Prague, la capitale de la Bohême, était alors composée de trois éléments différents : une majorité tchèque et les minorités allemandes et juives. C'est par l'îlot allemand, favorisé sur le plan politique et culturel par le gouvernement de la Double Monarchie, que passait le chemin de la réussite sociale : aussi, Hermann Kafka, dont la langue maternelle était le tchèque et qui avait appris l'allemand imparfaitement à l'unique école juive de son village, avait-il à surmonter plus d'un obstacle. Énergique, âpre au gain, habité par la volonté farouche de parvenir au succès dans les affaires, il finit par s'imposer. Son fils aîné, Franz, et ses trois filles, Elli (née en 1889), Valli (née en 1890) et Ottla (née en 1892), reçurent une éducation allemande et fréquentèrent l'école allemande. Deux autres fils, Georg et Heinrich, moururent en bas âge. Franz Kafka apprit plus tard le tchèque, dont il acquit une étonnante maîtrise. Il grandit au cœur de sa ville natale : ses parents habitèrent d'abord un logement exigu dans le quartier de l'ancien ghetto, puis des appartements plus vastes au voisinage immédiat de la place de la Vieille Ville. L'école primaire, où Franz fut conduit par la terrible cuisinière « jaunâtre mais solide », et l'école secondaire, qu'il fréquenta à partir de septembre 1893, se trouvaient à proximité. C'est l'atmosphère de ce vieux centre de Prague qui forme la silencieuse toile de fond de l'œuvre de Kafka.
Écrire par désespoir
Quoique bon élève, Kafka est hanté par un sentiment de l'échec et manque de confiance en lui. Dès l'âge de seize ans, il se tourne vers les idées socialistes, auxquelles l'initie son ami tchèque Rudolf Illowý, et y adhère durant toute sa vie. En 1918, six ans avant sa mort, il esquisse encore un programme de communauté de travailleurs non possédants, quelque peu utopique et presque monacal. Le socialisme de Kafka, né d'un ardent désir de solidarité et de communication constamment entravé et refoulé, reste toujours teinté de couleurs très subjectives. Ni le lycée ni la maison paternelle ne sont d'aucun secours à cette âme en proie à mille inquiétudes. Au temple, Kafka passe « des heures interminables à bâiller et à rêvasser », étouffe à peine le dédain qu'il éprouve pour son père en le voyant s'acquitter de la prière « comme on accomplit une formalité ». À la fin de ses études secondaires, il se déclare athée.
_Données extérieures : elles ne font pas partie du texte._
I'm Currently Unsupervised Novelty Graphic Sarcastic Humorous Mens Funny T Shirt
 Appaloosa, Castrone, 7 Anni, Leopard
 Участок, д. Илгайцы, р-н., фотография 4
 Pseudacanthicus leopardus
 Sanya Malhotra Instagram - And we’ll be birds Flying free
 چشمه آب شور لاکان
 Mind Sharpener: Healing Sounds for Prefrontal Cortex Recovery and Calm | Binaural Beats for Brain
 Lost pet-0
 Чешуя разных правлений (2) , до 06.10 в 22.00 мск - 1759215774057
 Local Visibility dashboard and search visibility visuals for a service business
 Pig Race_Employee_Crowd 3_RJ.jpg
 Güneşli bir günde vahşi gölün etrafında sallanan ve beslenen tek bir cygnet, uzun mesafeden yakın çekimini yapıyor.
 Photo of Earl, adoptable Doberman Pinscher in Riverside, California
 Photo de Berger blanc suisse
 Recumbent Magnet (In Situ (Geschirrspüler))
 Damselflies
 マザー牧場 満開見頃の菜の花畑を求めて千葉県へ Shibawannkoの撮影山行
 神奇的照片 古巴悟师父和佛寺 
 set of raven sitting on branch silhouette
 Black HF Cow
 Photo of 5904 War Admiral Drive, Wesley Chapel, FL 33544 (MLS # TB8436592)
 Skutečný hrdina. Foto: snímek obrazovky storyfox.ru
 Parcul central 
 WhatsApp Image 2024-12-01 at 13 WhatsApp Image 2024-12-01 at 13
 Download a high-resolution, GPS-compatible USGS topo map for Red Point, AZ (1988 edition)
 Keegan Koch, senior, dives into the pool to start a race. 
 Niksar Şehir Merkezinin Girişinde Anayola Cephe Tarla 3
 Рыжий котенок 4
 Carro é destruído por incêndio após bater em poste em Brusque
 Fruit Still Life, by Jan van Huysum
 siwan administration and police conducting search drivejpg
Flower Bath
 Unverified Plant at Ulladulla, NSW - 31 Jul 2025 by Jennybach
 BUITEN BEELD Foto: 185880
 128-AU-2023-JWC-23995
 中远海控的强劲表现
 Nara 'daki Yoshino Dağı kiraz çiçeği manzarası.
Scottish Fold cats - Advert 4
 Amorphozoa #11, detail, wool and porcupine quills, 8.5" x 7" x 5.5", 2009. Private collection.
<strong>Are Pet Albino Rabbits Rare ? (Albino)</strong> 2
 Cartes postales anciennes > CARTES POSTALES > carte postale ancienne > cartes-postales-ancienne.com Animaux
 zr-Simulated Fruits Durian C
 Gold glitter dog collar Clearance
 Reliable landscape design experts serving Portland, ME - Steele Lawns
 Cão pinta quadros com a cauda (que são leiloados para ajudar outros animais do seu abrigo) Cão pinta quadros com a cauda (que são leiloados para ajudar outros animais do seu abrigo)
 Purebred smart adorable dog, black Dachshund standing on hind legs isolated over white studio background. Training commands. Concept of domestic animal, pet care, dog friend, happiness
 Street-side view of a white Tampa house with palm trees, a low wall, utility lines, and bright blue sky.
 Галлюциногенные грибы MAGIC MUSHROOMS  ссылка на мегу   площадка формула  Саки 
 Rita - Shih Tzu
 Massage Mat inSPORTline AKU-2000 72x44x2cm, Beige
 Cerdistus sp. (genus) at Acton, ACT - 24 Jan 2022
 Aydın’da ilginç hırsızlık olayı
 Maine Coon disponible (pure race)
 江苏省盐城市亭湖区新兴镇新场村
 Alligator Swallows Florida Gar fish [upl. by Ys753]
Dans son œuvre, cependant, qui comporte des accents prophétiques, il pose souvent les problèmes en termes théologiques. Max Brod (1884-1968), son ami et biographe, affirme qu'il faut ranger sa vie et son œuvre « dans la sainteté et non pas dans la littérature ». Kafka lui-même note dans ses carnets : « Écrire est une forme de prière. » Extrêmement exigeant à l'égard de lui-même, d'une franchise absolue et d'une très grande pudeur, il est hostile aux concessions, aux moyens faciles, aux affectations. Le seul critère de ses écrits est la vérité, si bien qu'ils paraissent toujours exemplaires et objectifs en dépit de leur extrême subjectivité.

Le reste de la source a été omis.